CNET también está disponible en español.

Ir a español

Don't show this again


On the road to the Semantic Web

Metaweb, Powerset, Radar Networks, and True Knowledge are hoping to make the Semantic Web a reality. It's going to be a very long beta cycle.

The Semantic Web has been just around the corner for a few years. It turns out that bringing a semantic layer of metadata to the Internet is like climbing a mountain in flip-flops.

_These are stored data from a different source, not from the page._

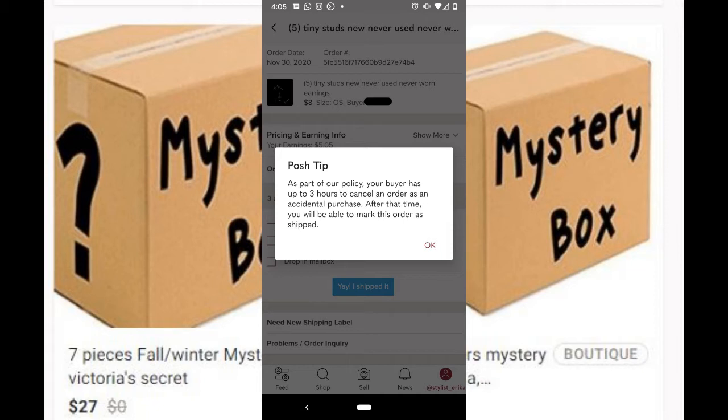So anyway, today's video is going to be on why you shouldn't ship out your sale on Poshmark within three hours. This is something that I just learned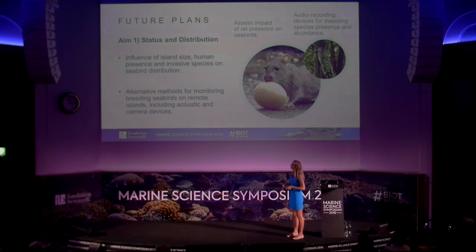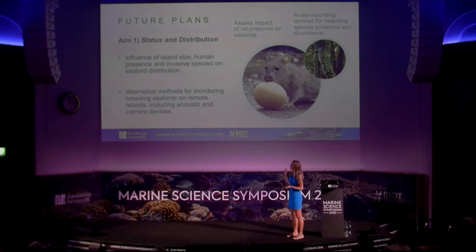For future plans, Pete will be using long-term and newly amalgamated data to look at how factors such as invasive species presence, human disturbance in the past, or island size and vegetation cover might be affecting bird numbers and distribution. We're also going to be looking at alternative monitoring methods for islands where we're not present, such as leaving camera traps or acoustic devices out to record seabird presence and detect different species.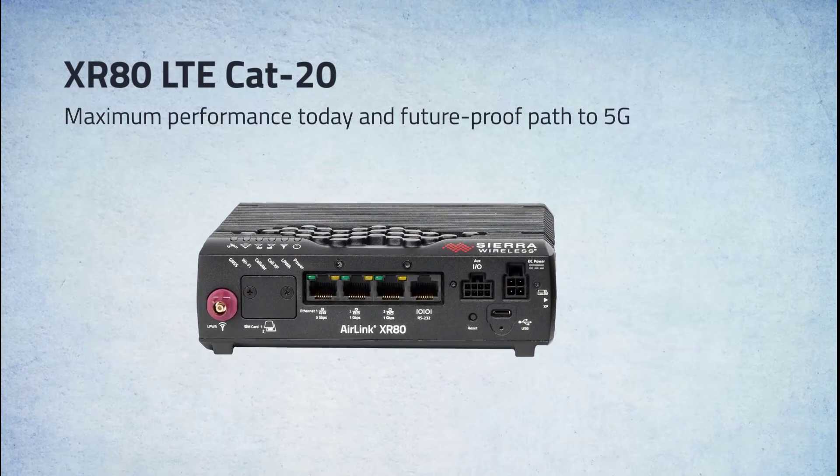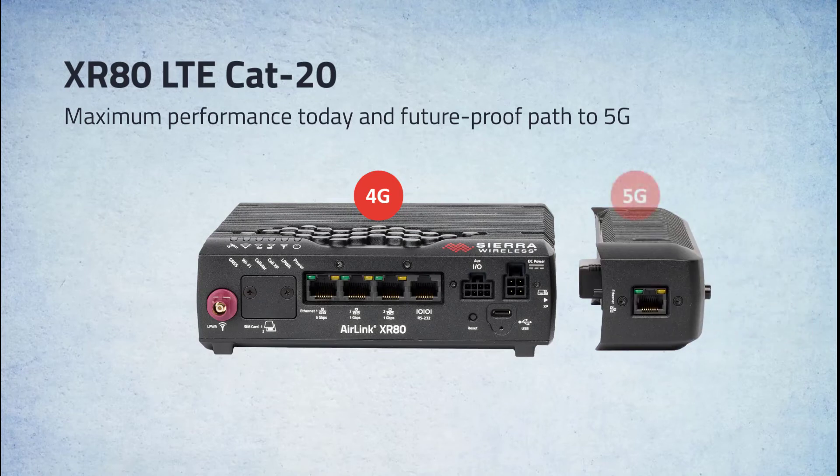Sierra Wireless offers the AirLink XR80 LTE high-performance cellular router. The XR80 LTE features an integrated 4G Cat-20 radio, but it also supports the 5G expansion cartridge.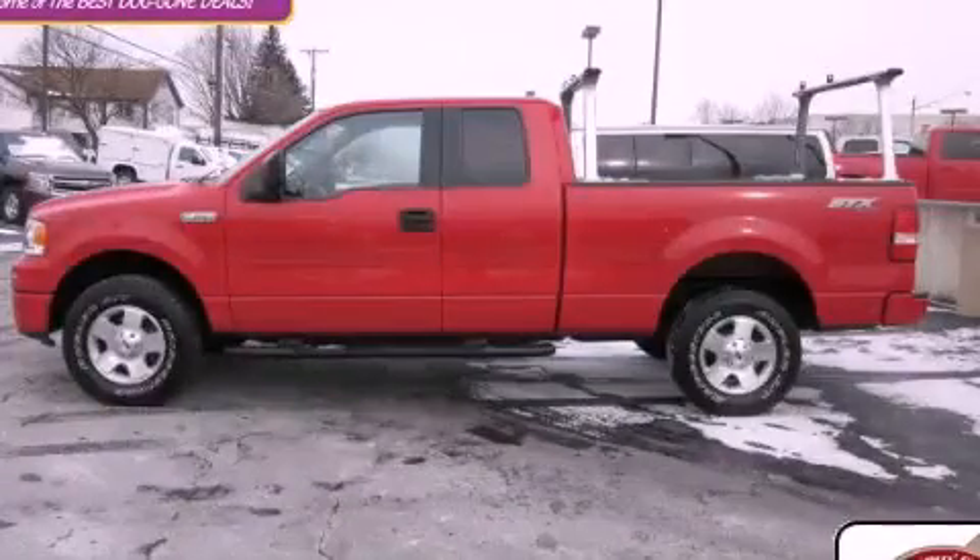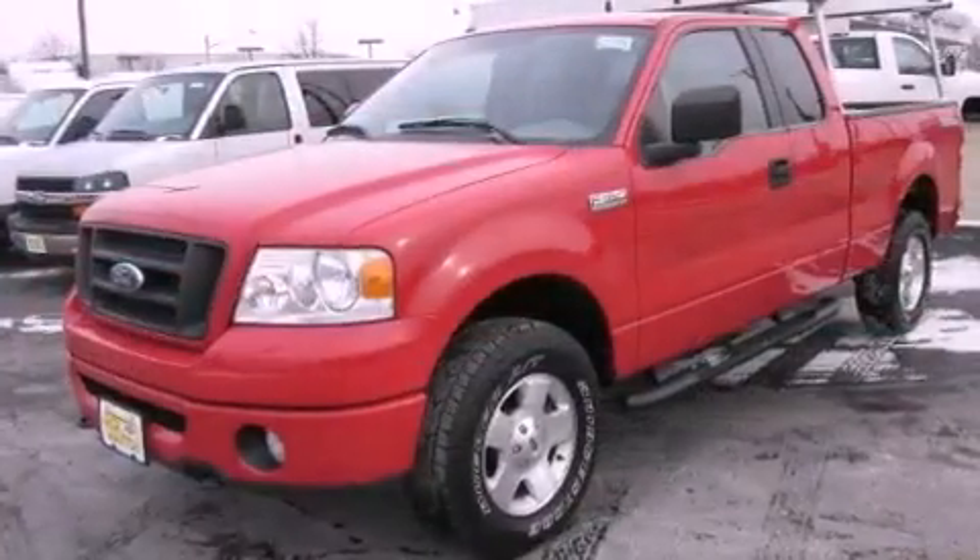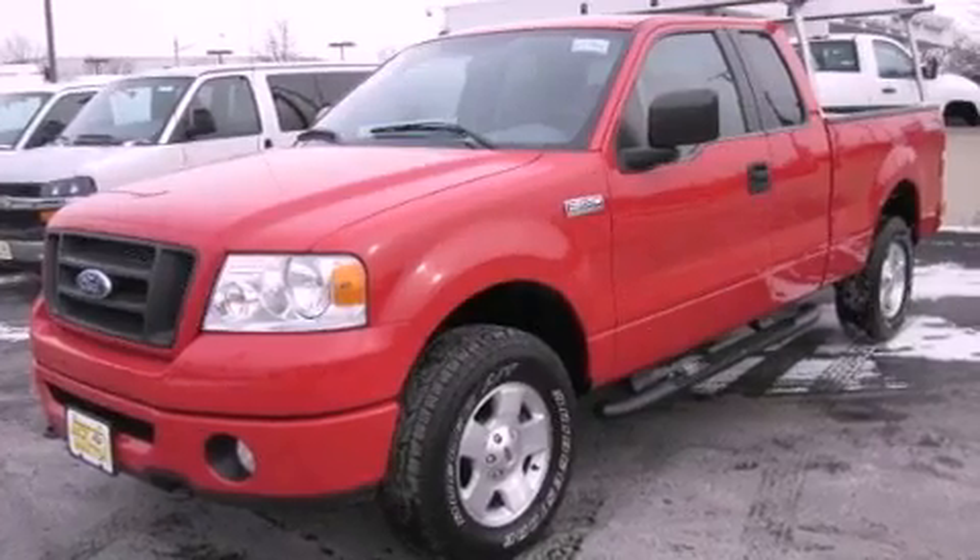This is a 2006 Ford F-150. Whether hauling, commuting, or towing, this truck is the right one for you.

Tuesday night, Semantic Web mountain climbers Powerset, Radar Networks, and Metaweb participated in a salon at Powerset's San Francisco office, where I talked with them about their product plans.

Powerset gives wings to Wikipedia
I got a preview of Powerset's search engine, which is due to go into beta in the coming weeks, according to co-founder and CTO Barney Pell and as reported by TechCrunch.

Powerset differs from Google and other mainstream search engines in that it linguistically parses sentences, finding subjects, verbs, objects, synonyms, and other elements using a highly sophisticated, language-independent parser licensed from Xerox PARC).

Powerset then extracts and indexes concepts, relationships, and meanings, rather than keywords. (I wrote about Powerset when it first came out of stealth mode, in June 2007.)

Rather than trying to boil the search ocean, compete with Google, and deal with spam and 20 billion documents, Powerset has focused its initial efforts on giving wings to the 3 million pages of Wikipedia.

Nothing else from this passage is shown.